During the noisy speech, the noise spectrum is continuously updated
when the current spectrum is below a pre-set threshold.
[0045] In spectra subtraction algorithm, the difference between
real noise and estimated noise is called noise residual.
Environmental noise sounds like the sum of tone generators with
random frequencies. This phenomenon is known as "music noise". To
solve this problem, smooth factors are applied in both frequency
and time domains to remove the "music noise". The Wiener filter
algorithm can be first applied, and then spectral subtraction
algorithm is subsequently adopted. After Wiener filtering, the
noise level is reduced. The noise residual after spectral
subtraction algorithm is low enough to be masked by speech.
Therefore, music noise is barely audible in the time domain.

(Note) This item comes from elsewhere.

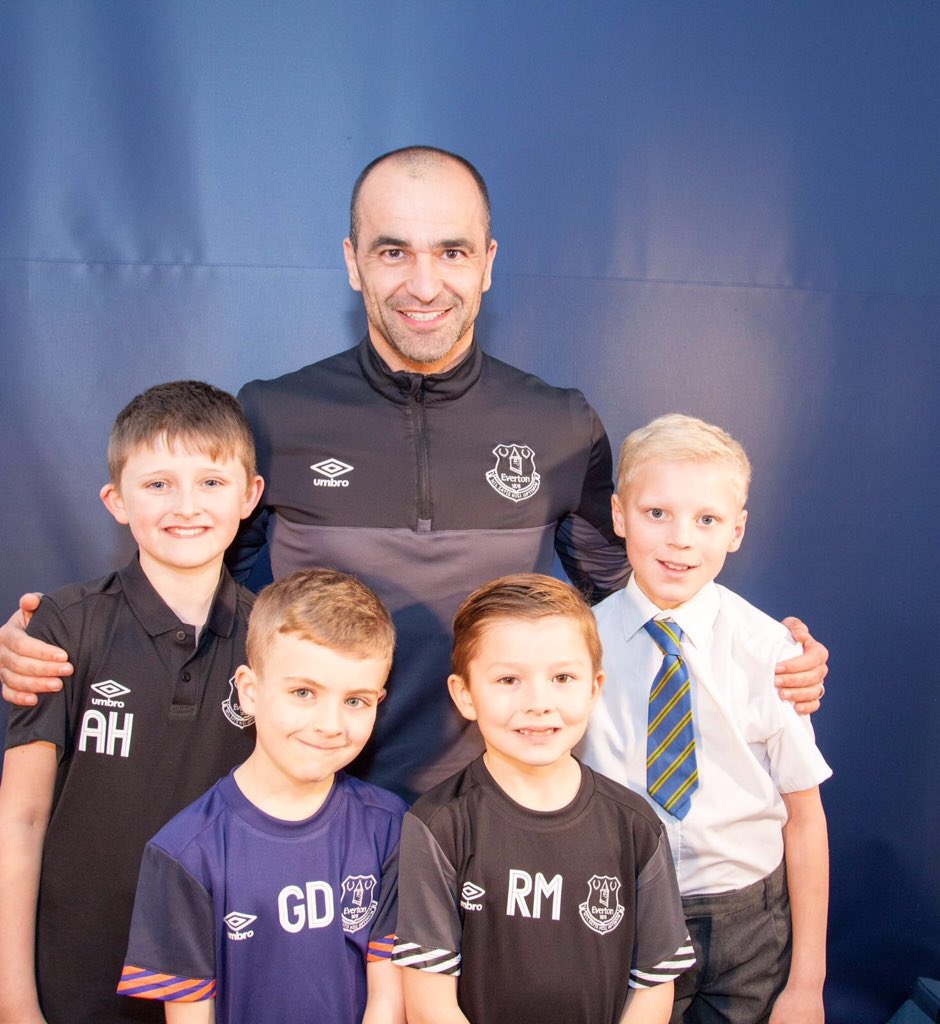 regogriz's tweet image. This me #miniroberto thanks @Everton and @gerardeulofeu,had the best day can't wait till Saturday #loveevertonme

[0046] In addition to environmental noise, there are some other
different noises generated by the SCBA equipment, such as
air-regulator inhalation noise, low-pressure alarm noise, and
Personal Alert Safety System (PASS) noise, which all degrade the
speech quality. The air-regulator inhalation noise does not
directly corrupt speech since people do not normally speak when
inhaling. However, the noise can interfere with communications
using VOX mode with radio and is detracting to listeners. For those
noises with known spectral patterns, the spectra model can be
constructed to detect these noises. Once the noise is detected, a
technique can be applied to cancel noise with the known spectral
patterns. This method is known as model-based noise reduction
algorithm.
[0047] The structure of model-based noise cancellation is shown in
FIG. 10. It has two sessions: training session 1001 and testing
session 1002. In the training session, all known noise samples are
first recorded and saved in a training database 1003. In model
training, a Gaussian mixture model or a hidden Markov model is
trained, which is named as model training 1004, to represent the
statistical characteristics of speech sound. For every different
kind of sound, a sound model 1005 is trained and saved in a
database. During a testing session where sound signals are
detected, a noise identification module 1006 is used to decode and
compute the likelihood scores of the sound with a group of
pre-trained sound models. Therefore every model has an associated
score. The model with the largest score is recognized as noise
sound model. Once the noise sound is identified by the noise
identification 1006, it can be cancelled from the noisy speech 901
using the sub-band noise suppression system 1007 process that is
developed as shown in FIG. 11 to get a clean speech 908. Compared
to the full-band method, the sub-band implementation causes less
speech distortion.
[0048] FIG. 11 shows the noise suppression system 1007 used in FIG.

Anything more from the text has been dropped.